(Source data)
•••••
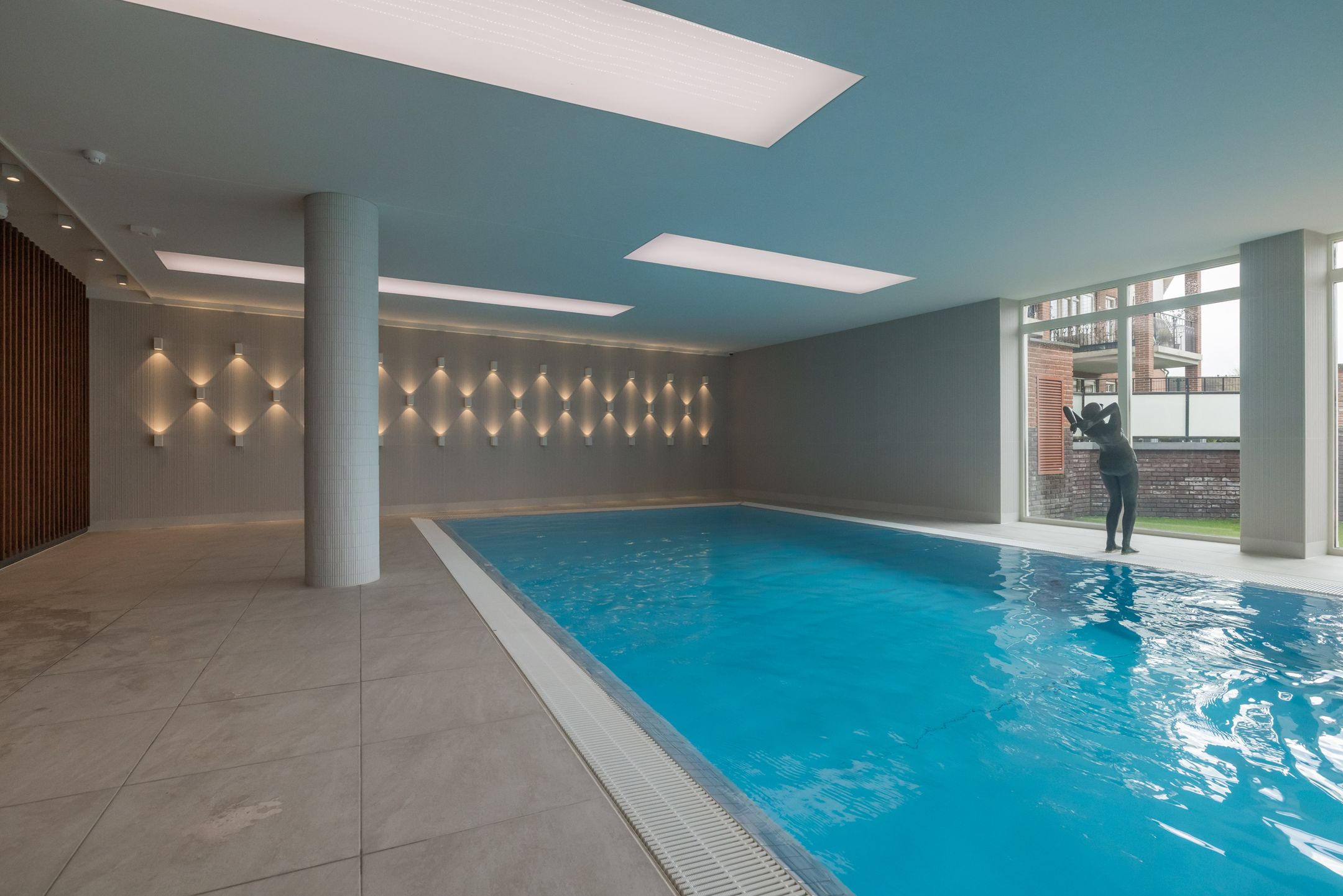 Foto 21 van Remiseplein 45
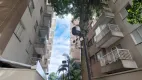 Foto 33 de Apartamento com 2 Quartos à venda, 48m² em Vila Amália, São Paulo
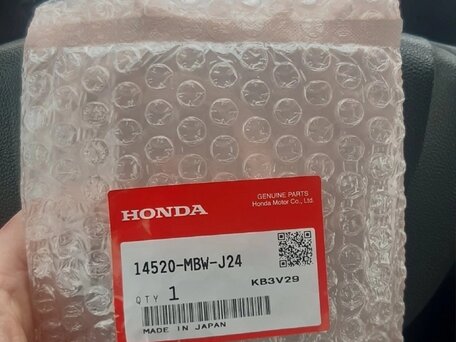 1999 Honda CBR 600F, жёлтый, 360000 рублей, вид 4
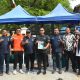 IMG 20260524 WA0041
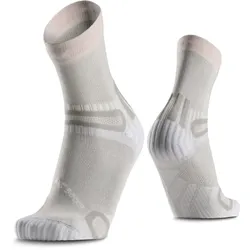 X-SOCKS Hike Discover Natural Ankle Wandersocken Y010 - natural 42-44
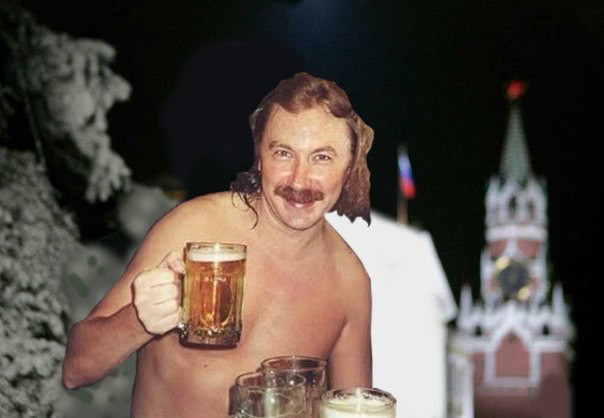 Женские эмоции, наверное 18+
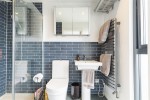 Images for Tower Road, Epping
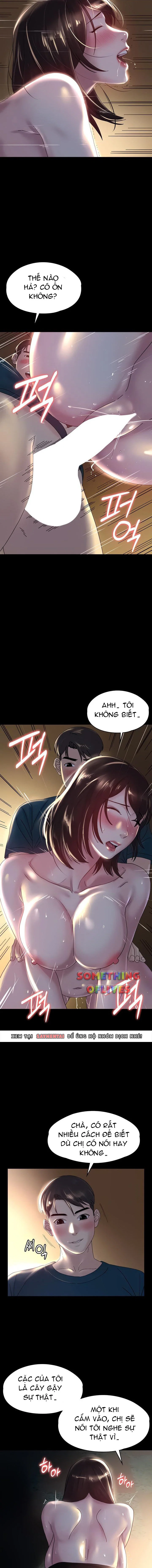 Mối tình không đắt giá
•••••
■ **EXERCISE REQUIREMENTS**
Leaving out only the pictures, retype every record exactly.

■ **RESPONSE BOX**
 Foto 21 van Remiseplein 45
 Foto 33 de Apartamento com 2 Quartos à venda, 48m² em Vila Amália, São Paulo
 1999 Honda CBR 600F, жёлтый, 360000 рублей, вид 4
 IMG 20260524 WA0041
 X-SOCKS Hike Discover Natural Ankle Wandersocken Y010 - natural 42-44
 Женские эмоции, наверное 18+
 Images for Tower Road, Epping
 Mối tình không đắt giá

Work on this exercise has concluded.